Ministry

Houses of the Mole (Sanctuary)

If it's an election year, then it must be time for the new Ministry album. Word on the street is goateed psychotic Al Jourgensen is up for his two-year chip at the downtown El Paso NA meeting, and he's ready to reinvent his particular church of the subgenius. Even estranged guitarist Mike Scaccia is back (remember Dallas metal band Rigor Mortis?), also sober, forgivin' and forgettin' an ugly episode in South Texas involving dope, guns and jail cells. Now a healthy and fit Scaccia appears to be Jourgensen's primary collaborator and right-hand man. Smiley faces all around, and somewhere a drug cartel is probably out of business.

That said, this album is oddly patriotic and succinct; it would have made the perfect soundtrack to Fahrenheit 9/11. The first song clocks in at roughly 85 mph and mixes a cool sample of what sounds like a Roman orchestral chorus in creepy juxtaposition with the jingo/spastic mishmash of George W. Bush soundbites. The second song sounds like the wheels-off Ministry/Butthole Surfers drivin' tune "Jesus Built My Hot Rod," as Scaccia rains down blistering sheets of harmonic distortion over a staccato metaltary beat.

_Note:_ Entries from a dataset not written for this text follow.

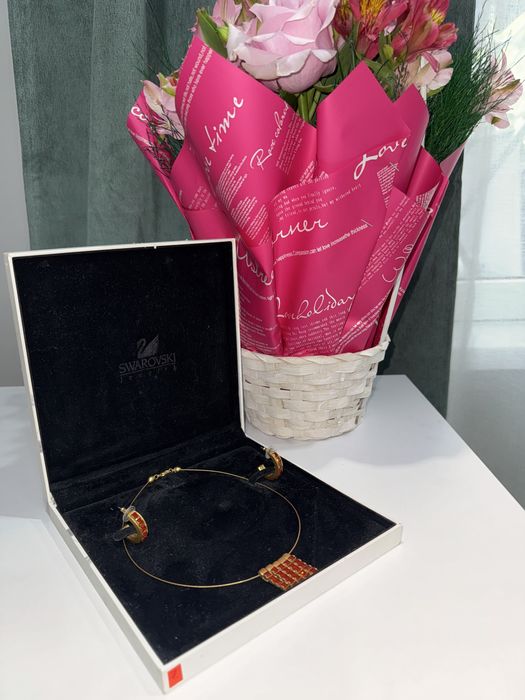 Swarovski set colier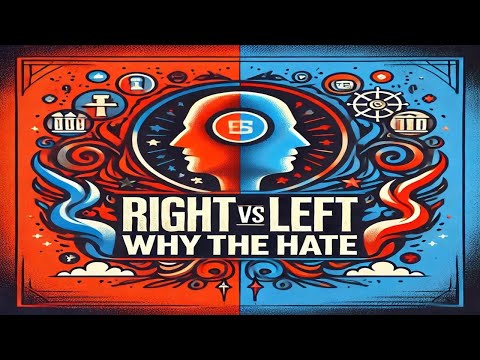 Right vs Left. Why the hate?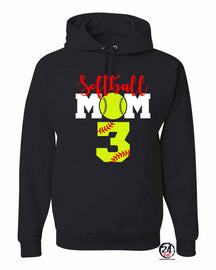 High Point Softball Design 6 Hooded Sweatshirt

Track four channels the Birthday Party or Killing Joke for one of those sleazy, subhuman bass guitar figures, then locks into a sinister groove that provides a perfect soundscape for Al-Jourgen-zeera's crude goatlike bleating. Seconds later Dubya checks back in (out of context, through an octave divider or frequency pitch generator) with "a message for the people of Iraq...go home and die." Getting the picture? The rest of the album barrels down the same sociopolitical path, with an economy of distraction and a healthy celebration of noise and/or disgust. Amen, brother.